L’articolo, aggiunto nel corso dell’esame svoltosi in seconda lettura alla Camera dei deputati, è al momento sprovvisto di RT.

Al riguardo, va evidenziato che il comma 2 dell’articolo dispone che una quota fino al 20 per cento delle risorse del Fondo per lo sviluppo delle montagne italiane di competenza statale possa essere impiegata per il finanziamento dei progetti innovativi finalizzati all’educazione dell’infanzia.

Premesso che il suddetto Fondo, iscritto nel bilancio dello Stato 2025-2027, reca una dotazione di 196,5 milioni di euro annui(3) , va evidenziato che lo stesso si presenta come un limite massimo di spesa il cui riparto è annualmente disposto dal Ministro per gli affari regionali.

Per i profili di quantificazione, dal momento che l’ammontare delle risorse destinabili alle finalità in esame non potrà comunque oltrepassare il 20 per cento delle risorse relative agli interventi di competenza statale (interventi di cui all’articolo 4, comma 1, lettera b), del disegno di legge in esame), andrebbero fornite conferme in merito al grado di effettiva rimodulabilità delle risorse destinate al finanziamento degli interventi statali a fronte della quota destinata alle amministrazioni territoriali(4) .


2) Il comma 593 dell’articolo 1 della legge di bilancio 2022 ha istituito nello stato di previsione del Ministero dell'economia e delle finanze un fondo, da trasferire al bilancio autonomo della Presidenza del Consiglio dei ministri – Dipartimento per gli affari regionali e le autonomie, denominato «Fondo per lo sviluppo delle montagne italiane», stabilendo alle lettere a)-f) le specifiche finalizzazioni di spesa degli interventi e le amministrazioni interessate.

3) Il capitolo interessato è il 2068 dello stato di previsione del Ministero dell’economia e delle finanze che reca nel bilancio in gestione una dotazione di 196,5 milioni di euro annui per il triennio 2025-2027. La disponibilità al 18 luglio 2025 era pari a 45,7 milioni di euro. Cfr. Ministero dell’economia e delle finanze, Dipartimento della R.G.S., I.G.B., Sistema DATAMART/RGS, interrogazione del capitolo 2068 dello stato di previsione del MEF al 18 luglio 2025. Lo stanziamento corrisponde al capitolo 945 del bilancio della Presidenza del Consiglio dei ministri, che reca una dotazione di 196,5 milioni di euro annui per il triennio 2025-2027. Cfr. IPZS, Gazzetta Ufficiale, Supplemento n.13/2025, pagina 336.

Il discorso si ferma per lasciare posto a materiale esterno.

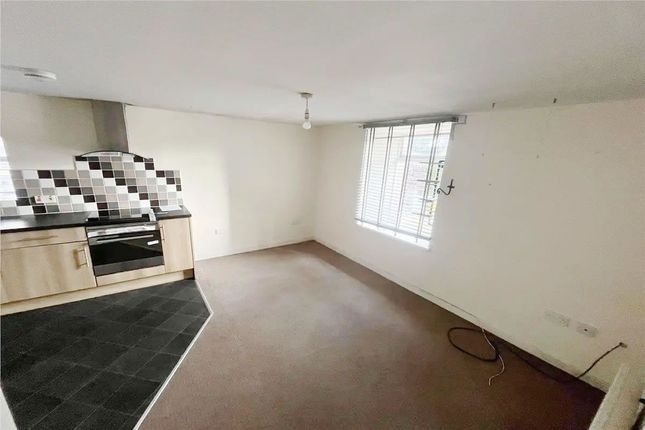 8, Trinity Road, Brechin, Angus photo 4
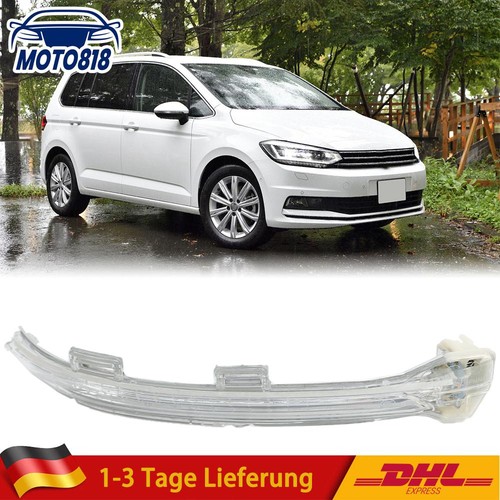 Spiegelblinker rechts für - , vw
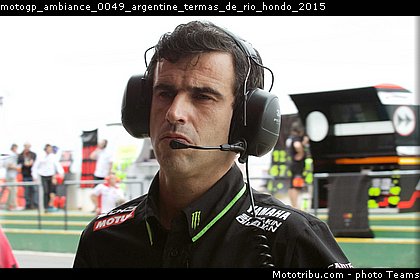 motogp_ambiance_0049_argentine_termas_de_rio_hondo_2015.jpg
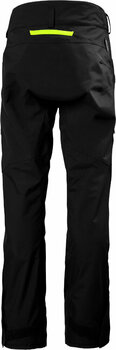 Spodnie Helly Hansen Men's HP Foil Spodnie Ebony 2XL - 2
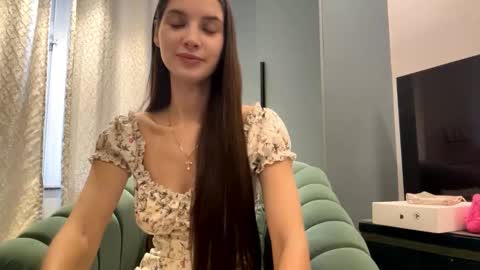 Sofia online show from October 20, 7:57 am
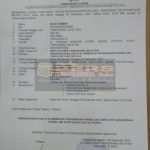 Addtext 12 06 10.54.46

4) In proposito, va segnalato che i decreti del Ministro per gli affari regionali del 20 marzo 2025 e del 13 gennaio 2025, recanti rispettivamente “Ripartizione del Fondo per lo sviluppo delle Montagne italiane per gli interventi di competenza statale – 2024” e “Ripartizione del Fondo per lo sviluppo delle Montagne italiane per gli interventi di competenza delle regioni e degli enti locali – 2024”, indicavano che a valere sulle risorse del Fondo per lo sviluppo delle montagne italiane, pari per l’anno 2024 a euro 195.740.927, veniva destinato a regioni ed enti locali un importo pari a euro 195.408.167,42. La quota residua delle risorse del Fondo per lo sviluppo delle Montagne italiane per l’anno 2024, pari a 332.759,58 euro, risultava invece destinata agli interventi di competenza statale e al finanziamento delle campagne istituzionali sui temi della montagna. Tali risorse finanziarie erano finalizzate a sostenere l’avvio di iniziative di comunicazione istituzionale sui temi della montagna e di iniziative destinate ad “attività di collaborazione con istituzioni universitarie volte alla realizzazione di master universitari aventi ad oggetto i temi della montagna”.